Na “transformação” do livro em peça, Beth Goulart foca três histórias de personagens saídos de outro livro de Lya, 'O silêncio dos amantes'. É uma mãe que perde o filho, uma mulher traída pelo marido que encontra um homem atravessado por uma tragédia e uma dona de casa que descobre que tem algo estranho nas costas e vira anjo.

A encenação se completa com projeções e até um curta-metragem. “Beth usa toda linguagem moderna. As coisas se entrelaçam e se comunicam com a plateia. Quando começa, faço um convite para que o público venha refletir comigo. Existe um entrosamento de palco e plateia que é muito interessante”, diz Nicette.

“Não se conversa mais”

Quando as bisnetas chegam à casa de Nicette Bruno, já sabem: ali não é lugar de joguinhos no celular. “Digo para elas: vamos aproveitar este momento para conversar. Quando vocês estiverem sozinhas, aí vocês usam”, conta a avó de sete netos e com o terceiro bisneto a caminho. “Pior que fui eu que dei de presente (o celular), mas foi para se comunicarem, e não para ficarem com essa febre”, continua.

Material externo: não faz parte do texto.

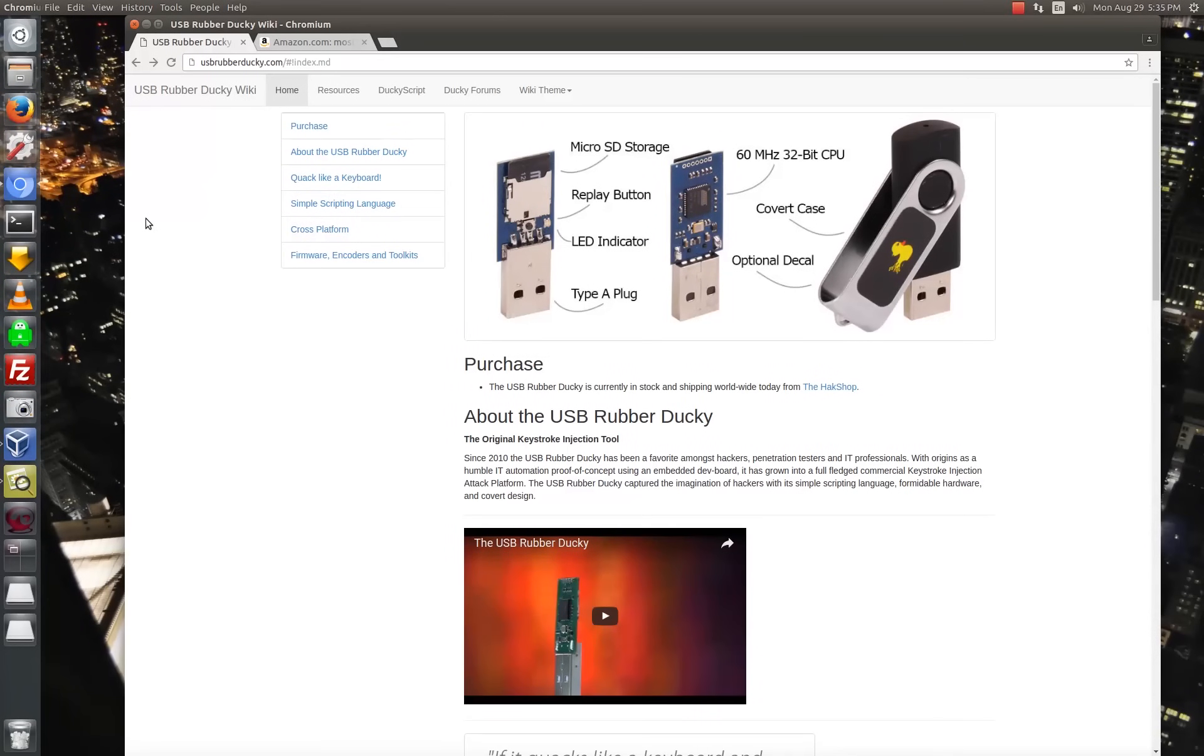Hey guys, welcome to the Hacked Existence intro of the USB Rubber Ducky. So this is a device that's brought to us by the guys over at Hack5. They're the same guys who bring us the WiFi Pineapple.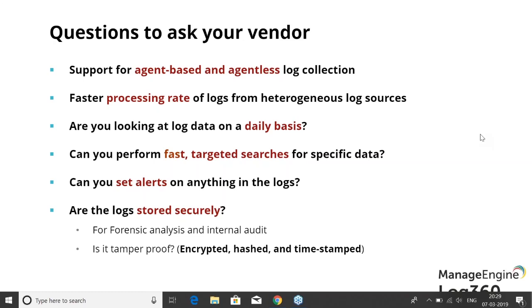Last but not least: there's no point collecting loads and loads of logs if you don't store them securely. Log storage security is just as critical as the collection and processing steps.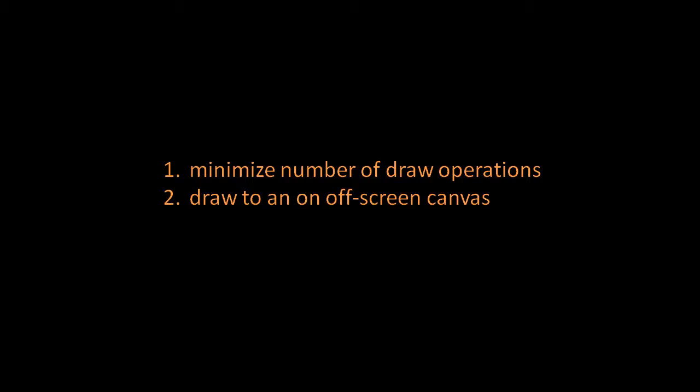The second guideline is to do your drawing, especially your complex drawing where you do have a lot of draw operations that you can't avoid, do that on some off-screen canvas, some canvas element which you just create in your JavaScript code but don't actually put on the page. Draw there first and then when you want to render it into a canvas on the page use the drawImage method to copy the content of the off-screen canvas onto the canvas that's actually on the page.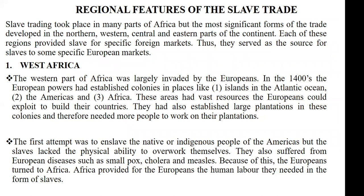We will look at how slave trade was conducted in West Africa, how it was conducted in North Africa, how it was conducted in Central Africa, and then Eastern Africa. We will look at the European powers which took control of those parts and how they got their slaves and for what purpose they used the slaves. So now let's look at West Africa.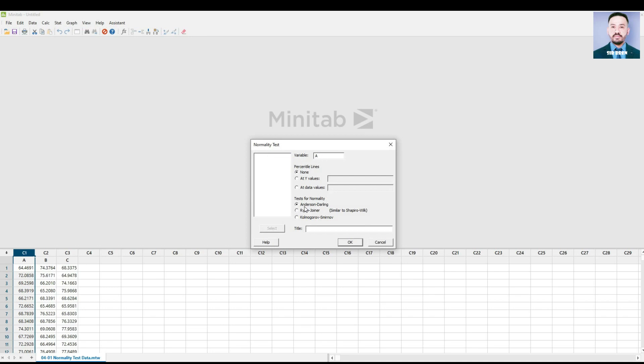We have Anderson-Darling test, the Ryan-Joiner similar to Shapiro-Wilk test, and the Kolmogorov-Smirnov test. Let's choose Kolmogorov-Smirnov. You can add a title if you want, and press OK.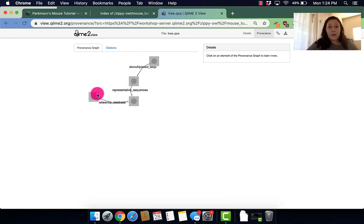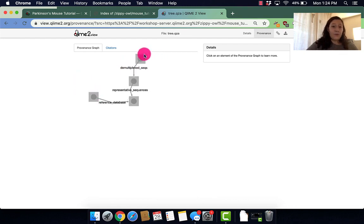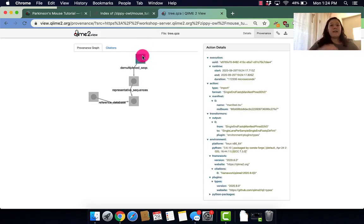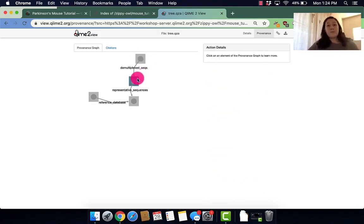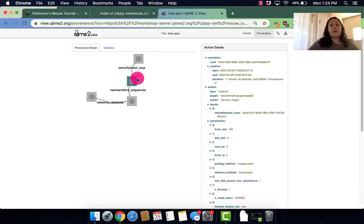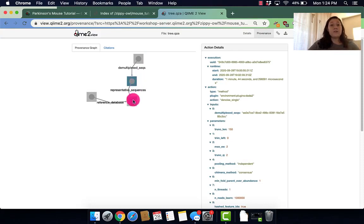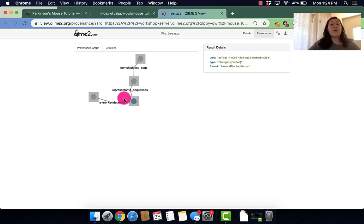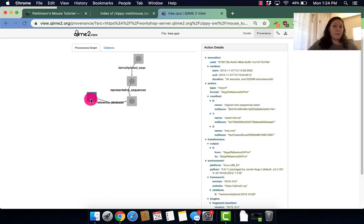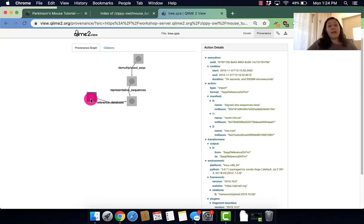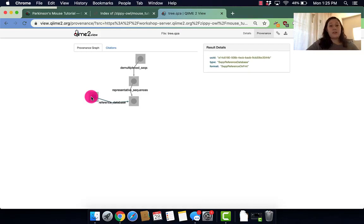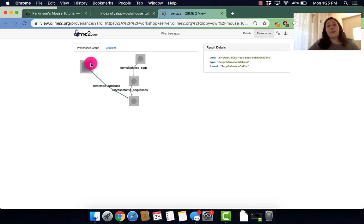So it's cool because you can move them around. I like to move it around so that I can visualize the path a little bit better. So this is where we imported our data. This is where we denoised our data. And this is where we created a phylogenetic tree. And this is where we downloaded our reference tree so that we could use it for this command.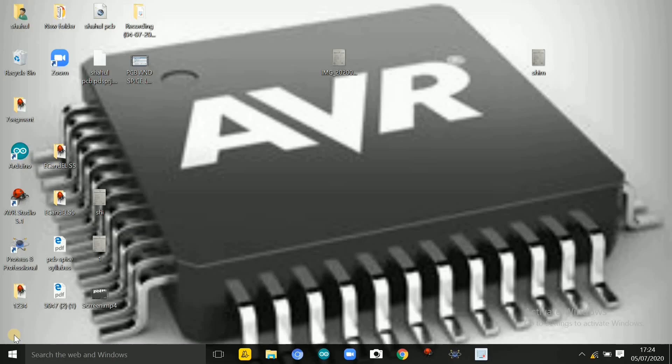Hi students. In this Embedded System Lab, we are doing a second experiment: interfacing of a 7-segment display.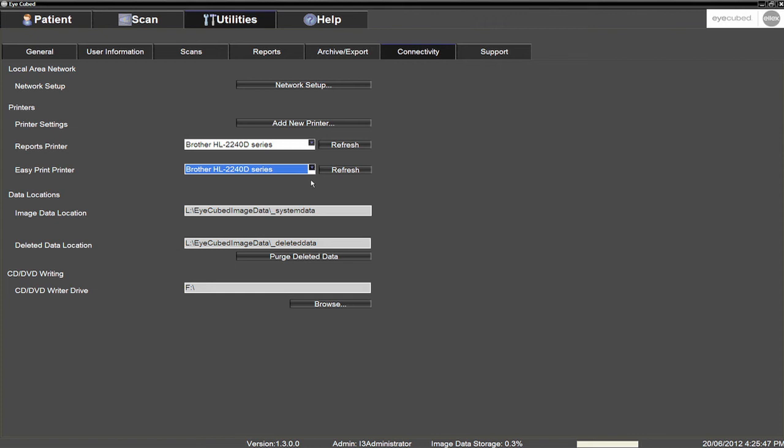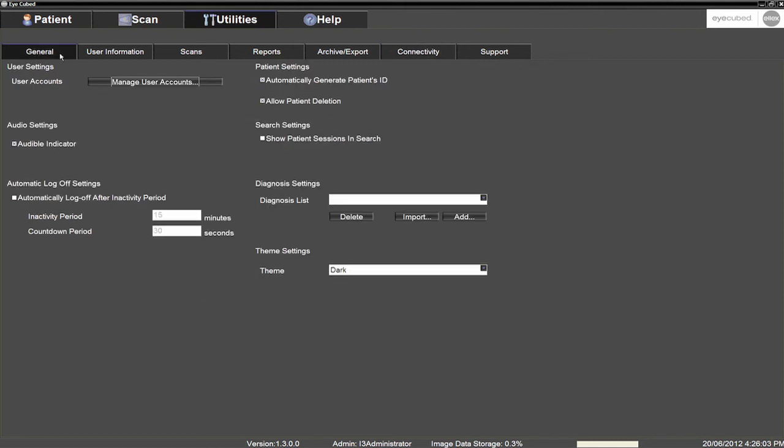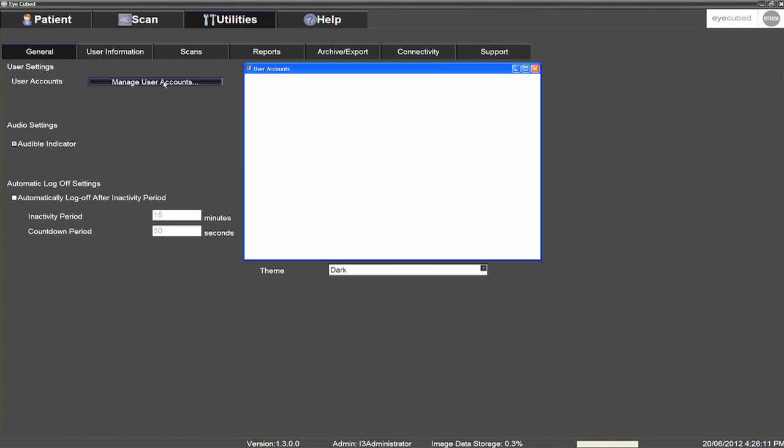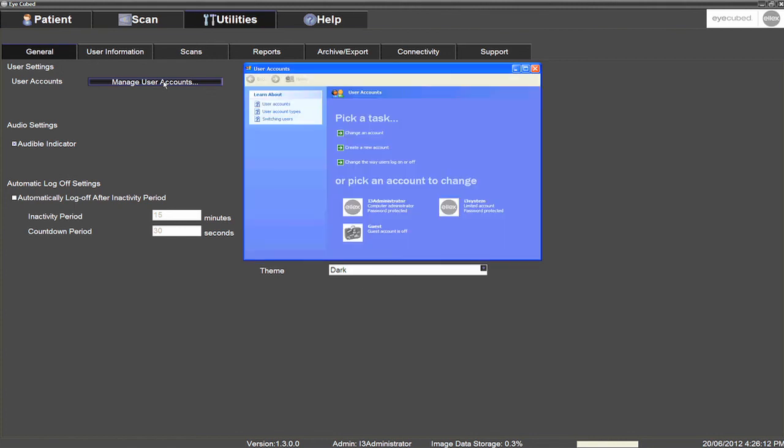For daily clinical use, particularly in larger institutions with multiple users, LX recommends creating one or more limited accounts without access to administrator functions. To create a new user account, click the General sub-tab in the Utilities section, which is the first option on the left-hand side of the screen. Select Manage User Accounts and then Create a New Account.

Com o jeitinho simples e muita lucidez na forma como interpreta o mundo atual, a atriz que fez Dona Benta no remake de 'O sítio do pica-pau amarelo' confessa que tem sido difícil compreender os dias de hoje. “As coisas não vão poder continuar como estão. As pessoas vão começar a ficar em alerta sobre tudo e sobre si mesmas.”

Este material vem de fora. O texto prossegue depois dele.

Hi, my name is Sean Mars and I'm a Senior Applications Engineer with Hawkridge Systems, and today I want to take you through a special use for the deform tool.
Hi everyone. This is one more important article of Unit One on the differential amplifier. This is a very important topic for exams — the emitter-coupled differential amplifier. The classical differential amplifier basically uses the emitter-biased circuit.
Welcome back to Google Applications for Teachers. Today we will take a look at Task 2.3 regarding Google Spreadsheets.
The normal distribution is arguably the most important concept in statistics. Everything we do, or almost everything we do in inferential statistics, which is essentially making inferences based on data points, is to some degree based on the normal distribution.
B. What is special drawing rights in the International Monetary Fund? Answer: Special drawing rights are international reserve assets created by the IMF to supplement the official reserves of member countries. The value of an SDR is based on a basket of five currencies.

Para Nicette, é assustador como a internet, “essa comunicação importantíssima”, tem sido usada para resolver certas carências sociais. “Isso me assusta muito”, confessa. Outro dia, em um restaurante, presenciou uma cena que relata em tom de incredulidade. “Vi um casal sentado, ele com um celular na mão, ela com outro. Os dois fazendo a refeição. Meu Deus, não se conversa mais”, lamenta.

Cenas como essa a fazem pensar tanto que o mundo está conturbado como também que mudanças estão a caminho. “Vamos parar para pensar: quem somos, o que somos, para onde vamos. Essa é a maior reflexão da vida. E dificilmente a gente se coloca à disposição desse pensamento.”

'Perdas e ganhos'
Sexta, às 20h, e sábado, às 19h e às 21h. Teatro Bradesco. Rua da Bahia, 2.244, Funcionários, (31) 3516-1360. R$ 80 (inteira) e R$ 40 (meia). No sábado, às 16h, no Café do Centro Cultural Minas Tênis Clube, as atrizes receberão o público para um bate-papo, com entrada franca.



Três perguntas para...

Beth Goulart
atriz

Como lidar com a emoção em um processo tão íntimo como este?

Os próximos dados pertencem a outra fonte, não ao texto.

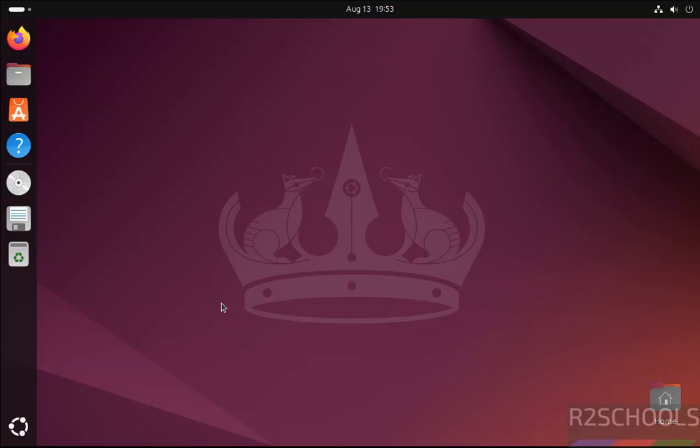Hello guys, in this video we will see how to download and install LibreOffice latest version i.e. 25 on Ubuntu Linux 24.04.3 latest version.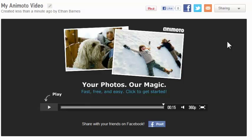And that is Animoto from a student's point of view in five minutes or less.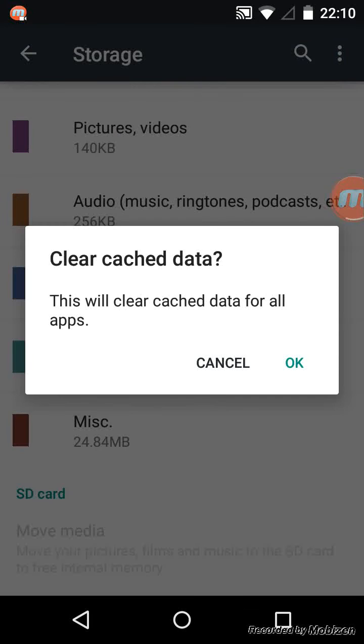By tapping OK, you will clear cached data for all apps and you should not lose any saved data by doing this. Tap OK and clearing the cache should take just a second.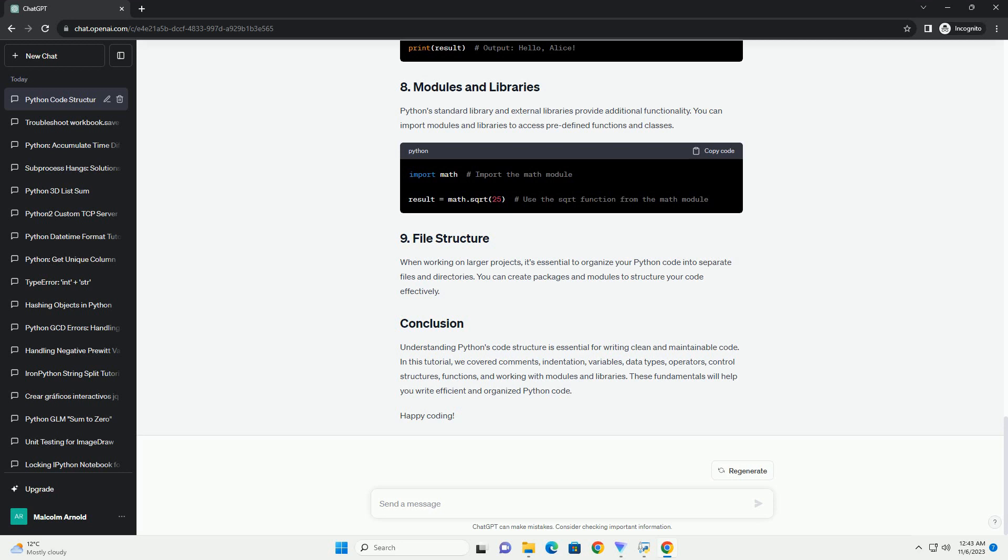Python is a versatile and easy-to-learn programming language. To write effective and readable Python code, it's important to understand its code structure and organization. In this tutorial, we'll explore the essential elements of Python code structure and provide code examples along the way.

Chegou um momento que eu disse: “Poxa, como será a vida da minha mãe sem ele (Paulo Goulart)?”. Pensei que a melhor ajuda que eu poderia dar era pelo trabalho. A meu ver, trabalho é vida. Ao invés de a gente se fechar nesse sentimento, quem sabe transformar essa dor em arte, em amor, não nos ajude a passar por isso de uma forma melhor. Foi o que acabou acontecendo.

A relação de mãe e filha se inverteu em algum momento?

Naturalmente, isso começa a acontecer. Chega uma hora em que a gente começa a cuidar mais deles, e a relação se inverte. Sou uma filha muito dedicada. Acho que todo processo de morte propõe à família uma união. É a forma que a gente tem de passar por isso de maneira menos sofrida. Nós vivenciamos tudo juntos. E, além disso, sou vizinha da mamãe, moramos no mesmo condomínio, e essa proximidade foi muito importante.

Qual foi o maior aprendizado que teve ao dirigir sua mãe?

Como pessoa e como atriz, mamãe tem uma energia de criança. Está sempre aberta para aprender. É a primeira vez que faz um monólogo, que lida com uma linguagem visual, e ela foi lindamente absorvendo essas novidades e acrescentando sua experiência. É muito bonito ver uma mulher de 82 anos aberta para o novo. Poder acompanhar todo esse processo foi um privilégio.